Pero Jelinic war demnach mit Freunden in die Leebosch Lodge an die Grenze von Botswana gefahren, um seine jahrzehntelange Jagdkarriere mit einer Löwentrophäe zu krönen. Eine der majäsetischen Raubkatzen soll er bereis erlegt gehabt haben, als es zu dem tödlichen Schuss kam. Per Helikopter sei Jelinic noch in ein Krankenhaus gebracht worden, doch zu spät. Der 75-Jährige starb laut "Daily Mail".

Tod in Südafrika - die Polizei ermittelt

Laut Polizei ist noch immer nicht geklärt, wer den tödlichen Schuss abgab. Ebenso, ob es ein Unfall war. "Wir ermitteln mit Verdacht auf fahrlässige Tötung", sagte Sabata Mokgwabone von der örtlichen Polizei der "Daily Mail". Es würde außerdem überprüft, ob die Jagdgesellschaft illegal Waffen und Munition besessen hätte, sagte er weiter.

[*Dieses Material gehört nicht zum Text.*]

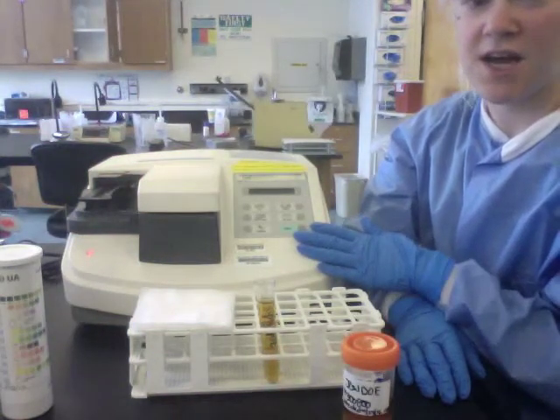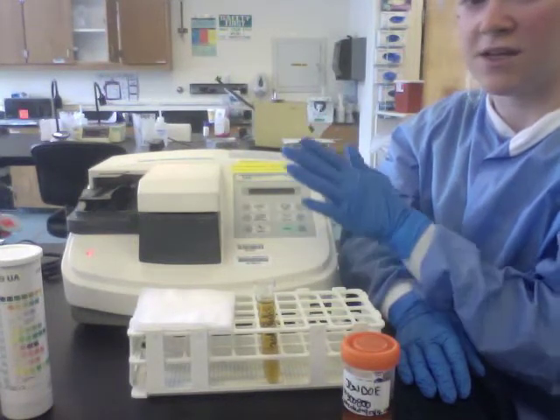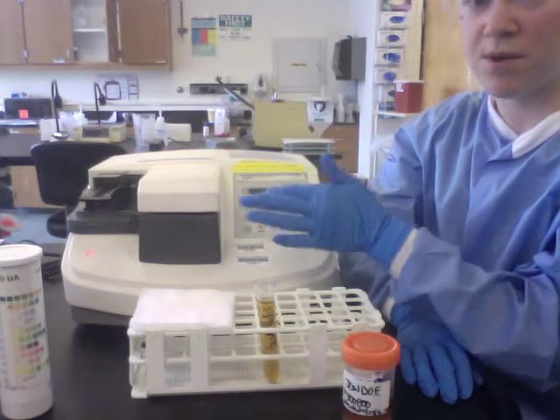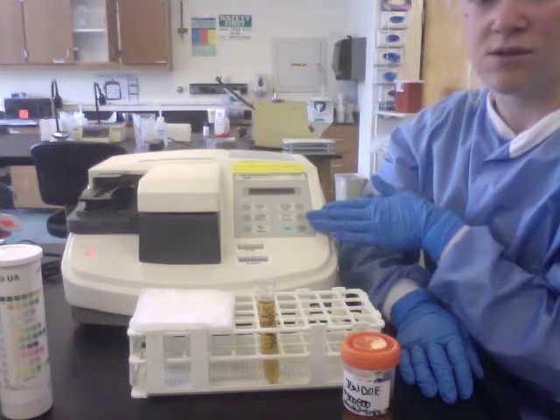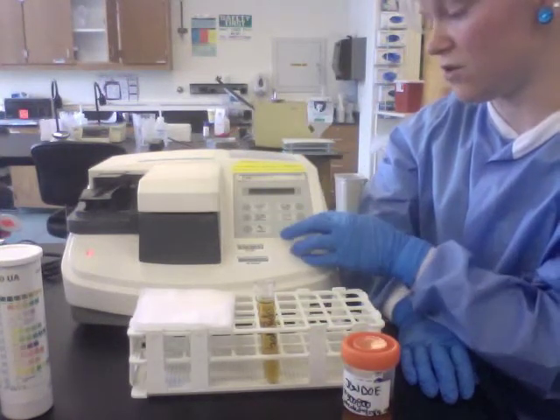This analyzer is timed, so you have to press the Start button and then dip your strip. It's very important that you dip your strip in time with the instrument so that the timed reactions are correct for your strip.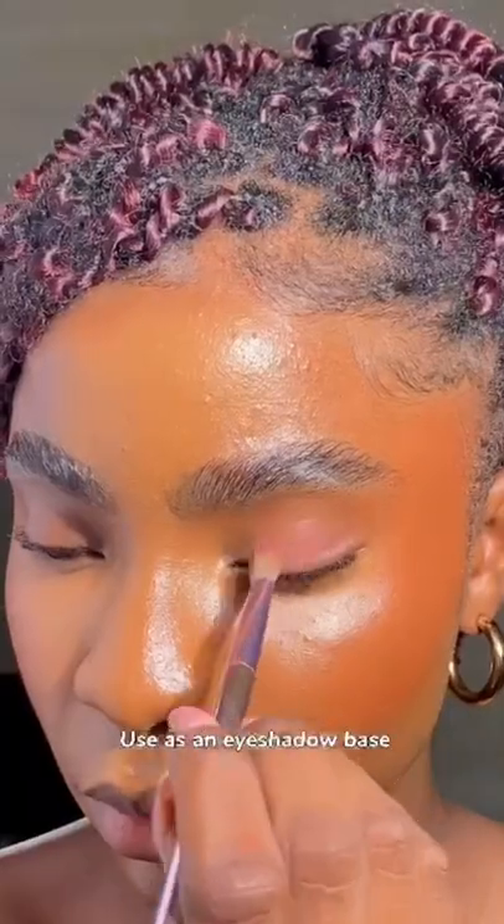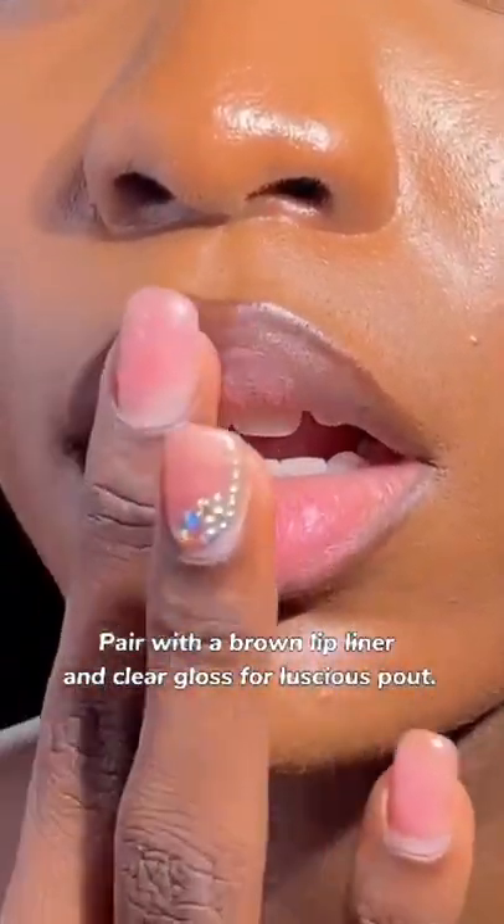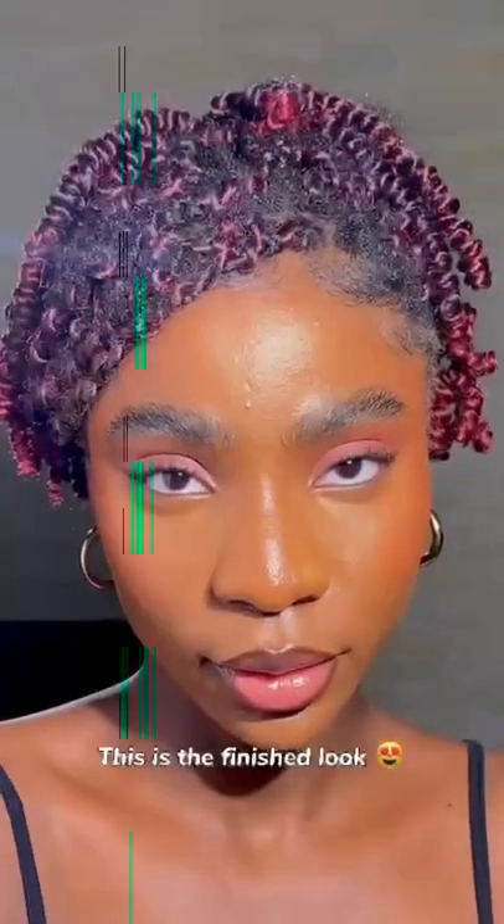Shade Rum Punch — use it as an eyeshadow base or as a lipstick. Pair with a brown lip liner and clear gloss for a luscious pout. This is the finished look.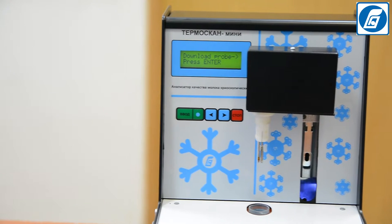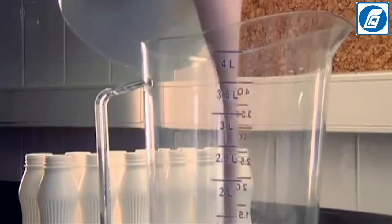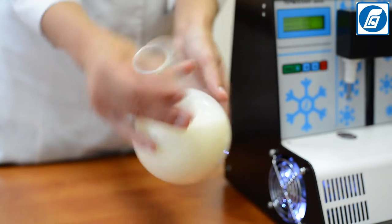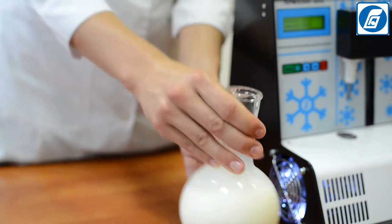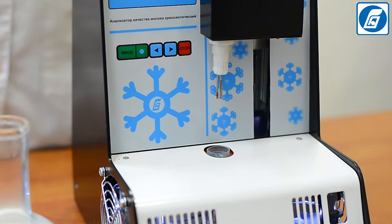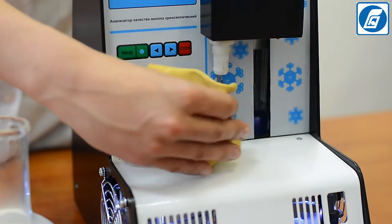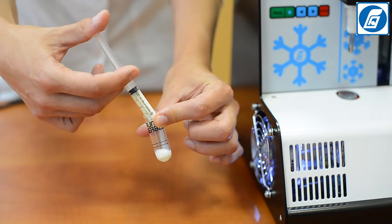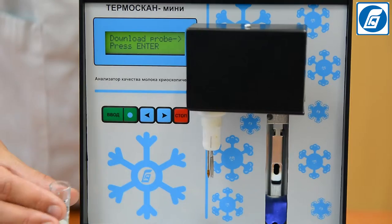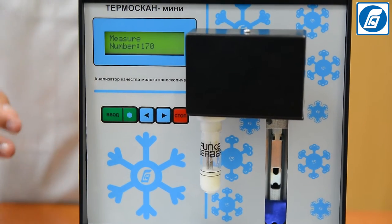We will now demonstrate how to test a milk sample for freezing point determination. Select and prepare the milk samples, preferably analyzing them immediately after selection. Carefully turn and rotate the container with the milk sample several times to mix contents. Milk temperature for analysis should be 20 ±2°C. Ensure the probe and hushing wire are clean and dry. Pour or transfer with a pipette 2.5 ±0.1 cm³ of milk into a clean, dry test tube, then place the tube on the holder of the measuring head, pushing it upward all the way.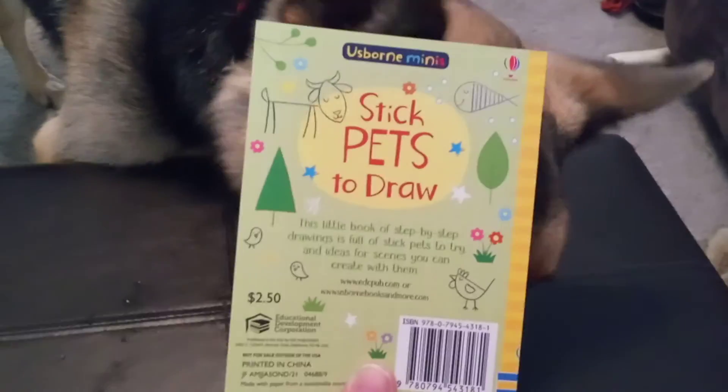So you get the idea. There's tons more in here. It's a nice thick little book for only $2.50. Thank you so much for your help, Hunter.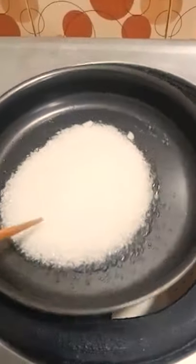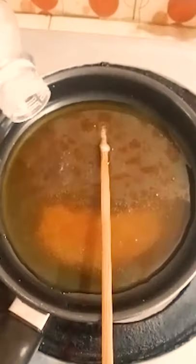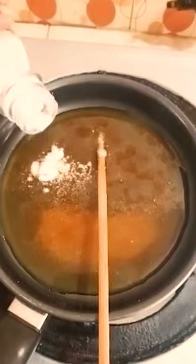First, in a small pan we need half cup sugar. After that I am gonna melt it by using a chopstick. When it melts properly, I am gonna add half a spoon of baking soda to make it like dalgona.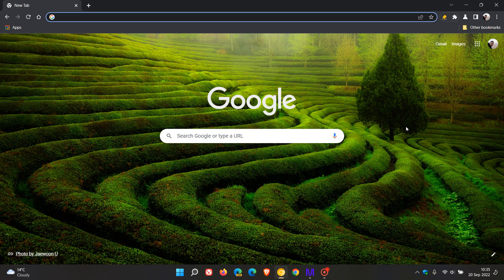Brain Tech here, where tech is made simple. Over the last couple of weeks, I've been posting some videos regarding the new performance section in the Google Chrome web browser that Google is currently testing in Chrome Canary, which is a preview version.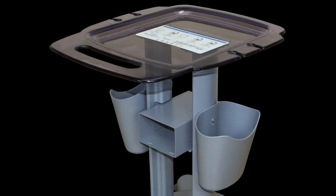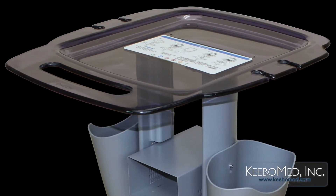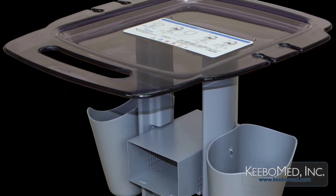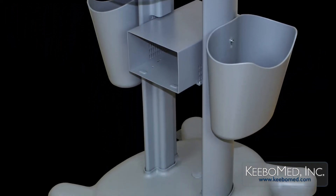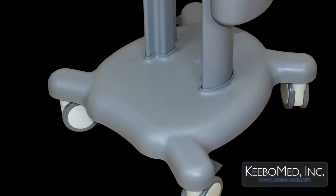The TR9000 Trolley from Chycin is the perfect solution for mobility and organization while using the Eco Series ultrasounds or other ultrasounds of similar size. This video shows an overall look and some of the important features of the TR9000.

Jelinic war ein passionierter Großwildjäger. Zuhause auf der kroatischen Insel Pag habe der Hotelier eine riesige Sammlung an Jagdtrophäen - von Geweihen bis hin zu Bären - gehabt, berichtet sein Freund. Ein Löwe hätte diese Sammlung noch gekrönt. Daher auch die Reise nach Südafrika. Auf dem Areal der Leebosch Lodge werden die großen Raubkatzen extra in Gefangenschaft gehalten, um Trophäenjägern aus den USA und Europa als Jagdbeute zu dienen. Solche Gelände sind in Südafrika keine Seltenheit. Und stehen zunehmend in Kritik, da die Tiere dort keinerlei Möglichkeiten haben, ihren Jägern zu entkommen.

Großwildjagd in der Kritik

2015 hatte der US-amerikanische Zahnarzt Walter Palmer für Schlagzeilen gesorgt, als er den Löwen "Cecil" in Simbabwe aus dem Hwange-Nationalpark lockte und erschoss. Der 13-jährige Löwe war in seinem Heimatland berühmt. Sein Kadaver wurde außerhalb des Parks, ohne Kopf und Fell gefunden. Nur mittels seines GPS-Halsbandes konnte er identifiziert werden. Die weltweite Empörung darüber war so groß, dass Palmer eine Zeit lang untertauchen musste. Er wurde wegen Wilderei angeklagt.